● **Exercise requirements**
From the first line to the last, copy the data exactly and drop the pictures.

● **Given entries**
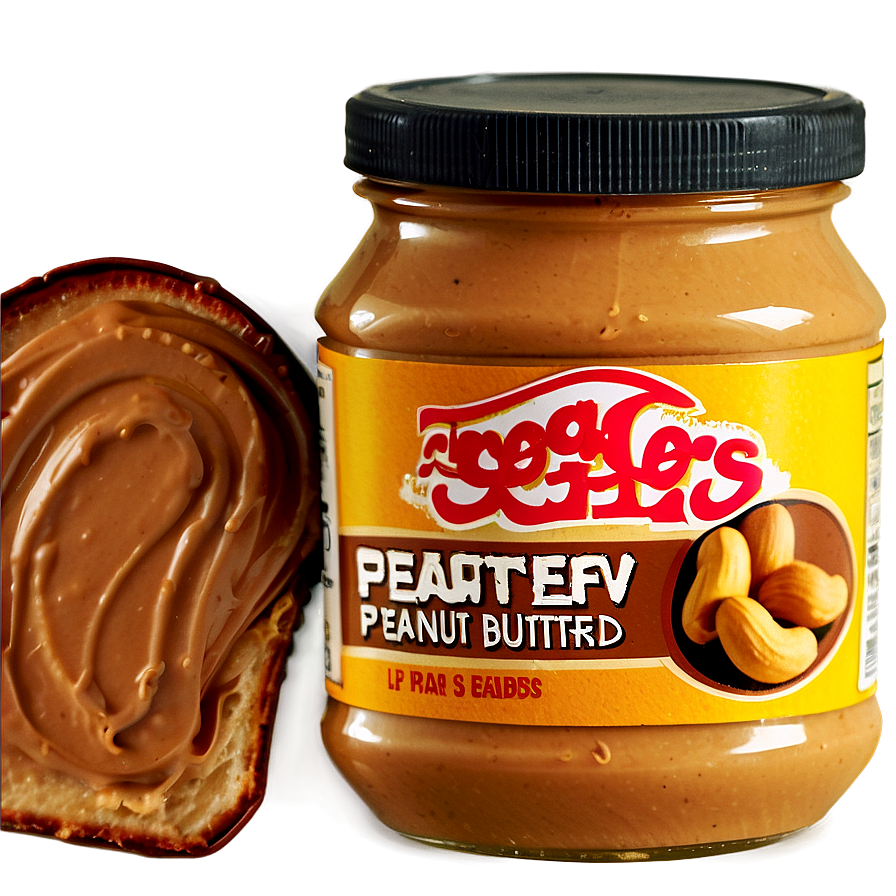 Peanut Butter Spread Png Dng PNG Image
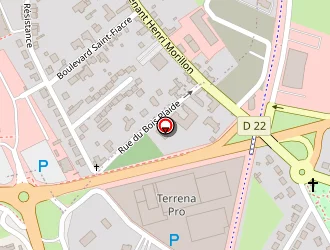 Carte de Pambou Innocent à Azé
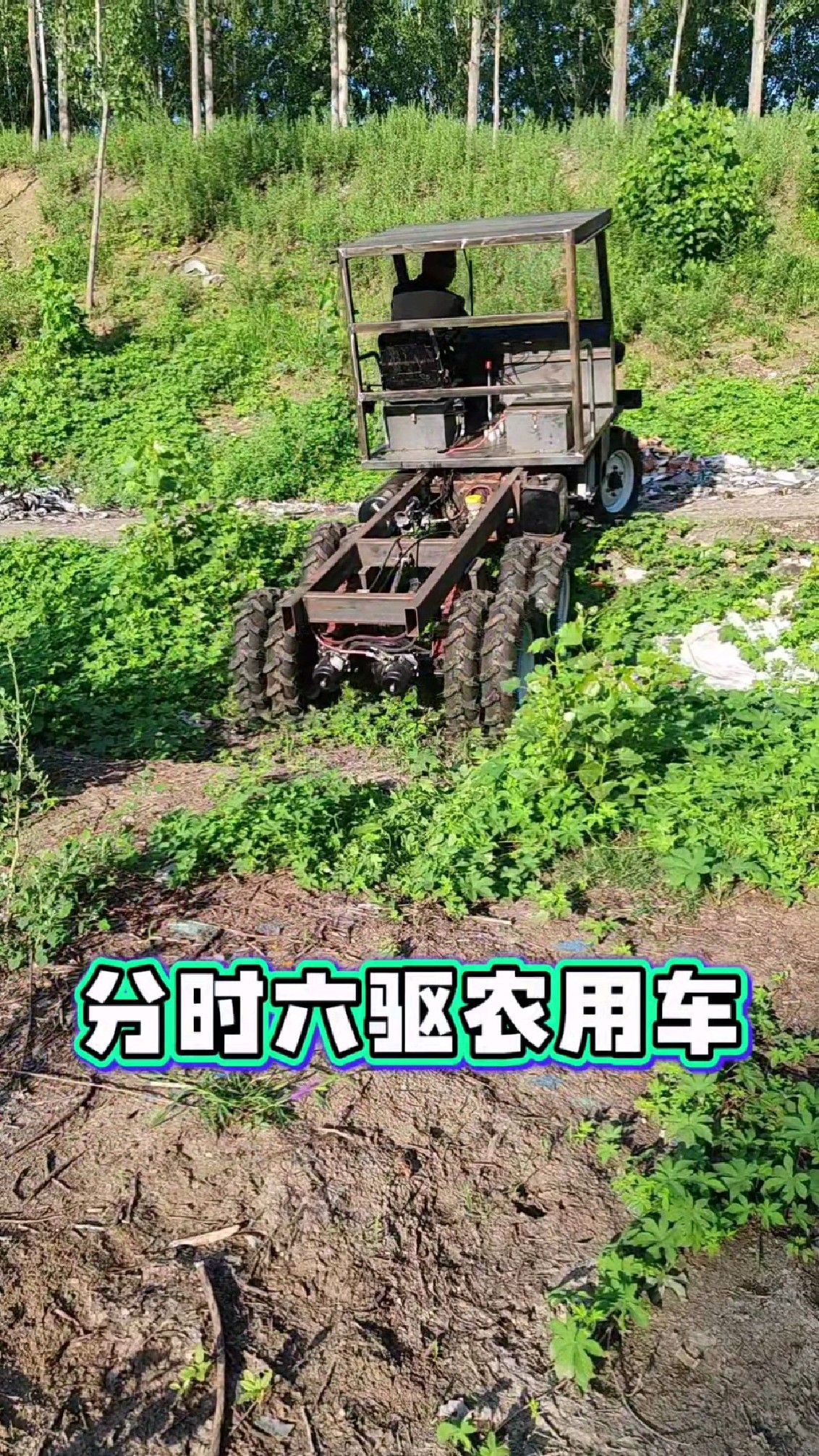 分时六驱农用车适合湖南湖北广西广东等山区运输货物 最大爬坡50度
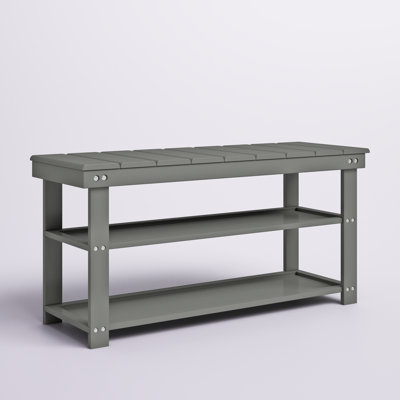 Carrold Storage Bench
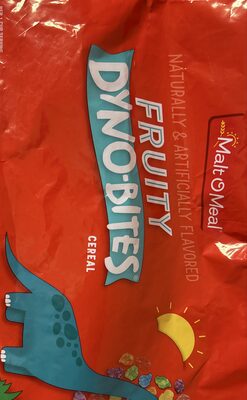 Fruity Dyno-Bites Cereal, Fruity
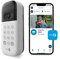 myQ Smart Garage Door Video Keypad with Wide-Angle Camera, Customizable PIN Codes, and Smartphone Control – Take Charge of Your Garage Access – Works with Chamberlain, LiftMaster and Craftsman openers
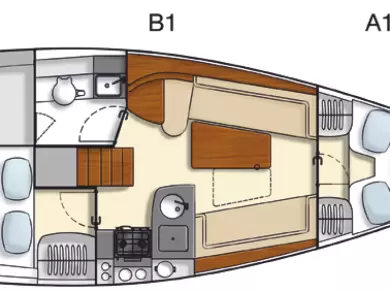 Wynajem w Alimos- Hanse Hanse 325 na SamBoat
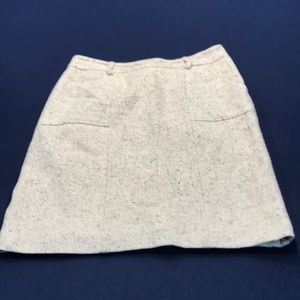 Ann Taylor wool-blend skirt
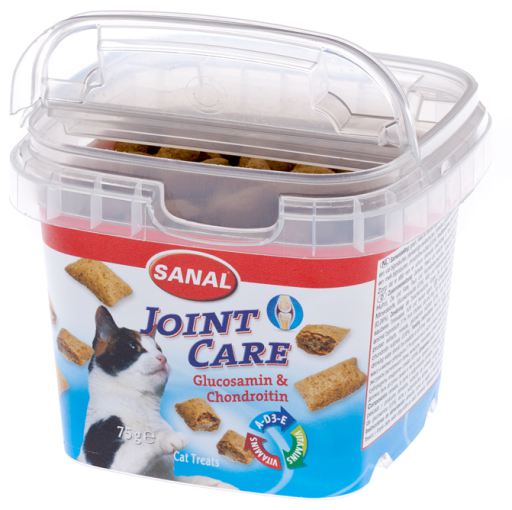 Sanal Sanal Gato Bote Joint Care 75 Gr (Gatos , Snacks , Galletas) - 75 GR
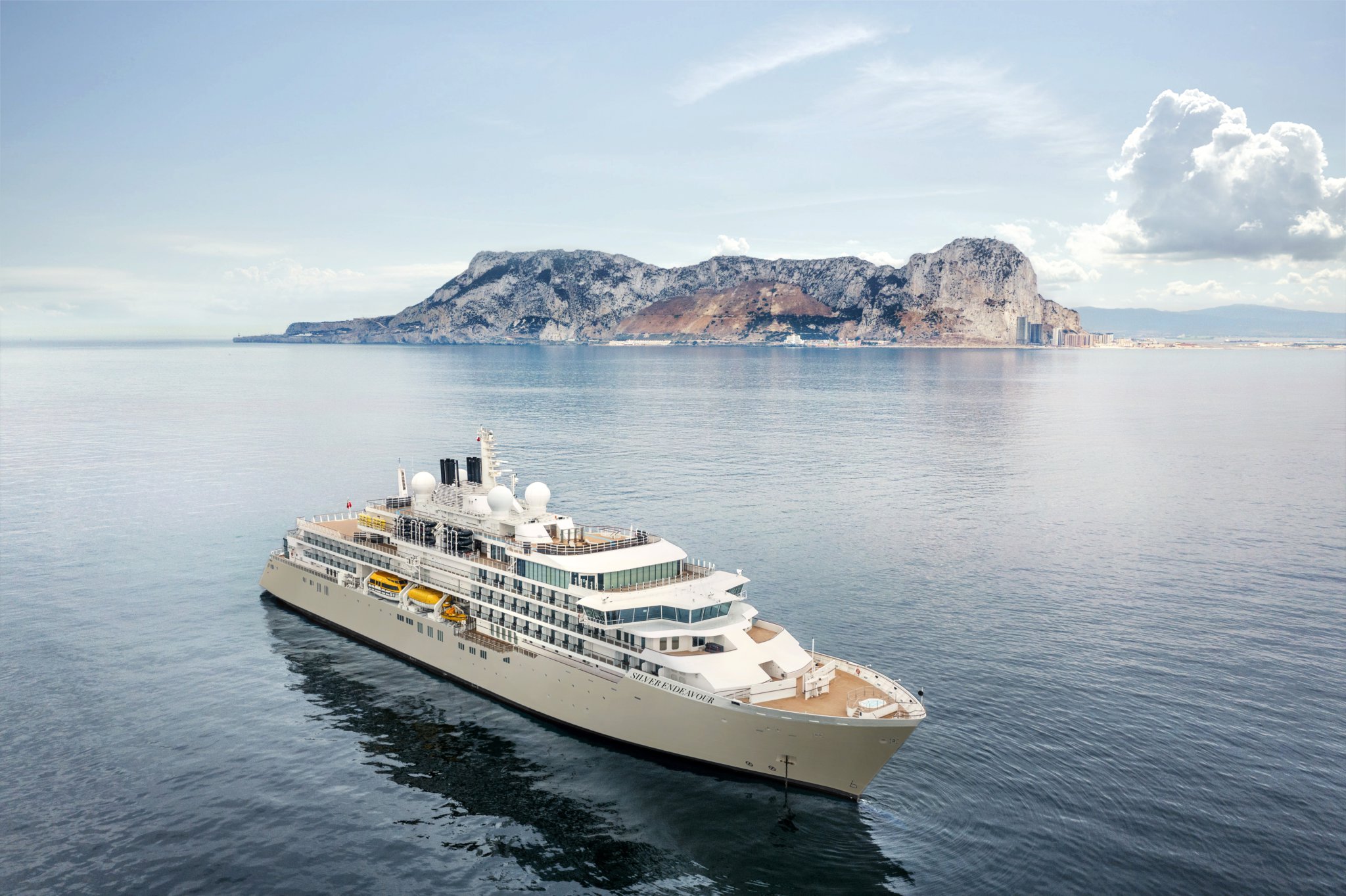 The polar explorer, Silver Endeavour. By Silversea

● **Result of the task**
 Peanut Butter Spread Png Dng PNG Image
 Carte de Pambou Innocent à Azé
 分时六驱农用车适合湖南湖北广西广东等山区运输货物 最大爬坡50度
 Carrold Storage Bench
 Fruity Dyno-Bites Cereal, Fruity
 myQ Smart Garage Door Video Keypad with Wide-Angle Camera, Customizable PIN Codes, and Smartphone Control – Take Charge of Your Garage Access – Works with Chamberlain, LiftMaster and Craftsman openers
 Wynajem w Alimos- Hanse Hanse 325 na SamBoat
 Ann Taylor wool-blend skirt
 Sanal Sanal Gato Bote Joint Care 75 Gr (Gatos , Snacks , Galletas) - 75 GR
 The polar explorer, Silver Endeavour. By Silversea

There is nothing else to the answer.